First and second valves vs third valve

Question

On B♭ trumpet to play notes E or A is prefered to use 1 and 2 valves, but there is possible to use third valve (most used in our brass band).

1 (valve 1) + 0.5 (valve 2) = 1.5

1.5 (valve 3)               = 1.5

So both makes same length.

I read 1 + 2 combination has better tune, but why ? What is different ?

I think is simplier to use only one valve.

Answer 1

The answer here is that you have a misconception about the "value" of each valve. The science of making a length of tube with three independent binary variances ("valves") fully chromatic across multiple octaves is an exercise in compromise.

Each individual valve is slightly out of tune from what it "says on the label", such that the various combinations it can play with other notes are more in tune. Even with only two valves, the distance between G and F# is ever so slightly different than the distance between F and E, and so the 2nd valve has to be somewhere in between. (And that's not the logarithmic distance that we hear in, but the linear distance that causes the physics required to produce those notes.)

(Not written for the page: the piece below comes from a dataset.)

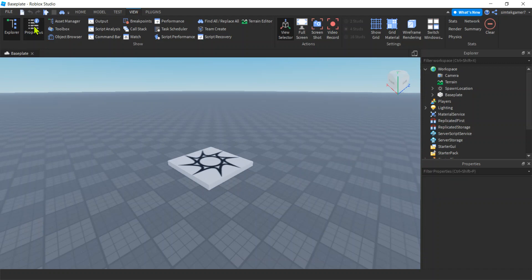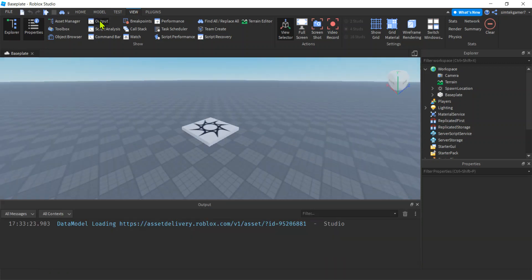There's the Properties window. And another window that you're going to need in case there's errors is the Output window. So if something doesn't work, check the Output window. Check to see if there's any scary red and blue errors that will tell you what's going on in your game.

Long story short, your third valve is not exactly the same as your 1+2 combination, but for certain notes it may be more appropriate to have that tuning (when playing the 3rd of the chord, for example). If you're interested in more detail, the answers to the related question linked above have a lot more information.

Answer 2

To spin off from NReilingh's answer, the half-tone between G and F# requires less extra tubing to be in tune, than the half-tone between E and Eb.

I believe that the third valve's length often is determined to have Eb in tune, and is therefore a little too long the have an in-tune E.

Let the tubing required to get from G to Gb be a reference, let's say value 1.

Gb -- 1 -- G

The subsequent half-tones downward grow larger the lower you go. Say for example that the required extra tubing to get from Gb to F is of length 1.01 instead of 1 (probably a wrong value, but the principle remains).

F -- 1.01 -- Gb -- 1 -- G

And the lower the half-tones, the more extra tubing is required.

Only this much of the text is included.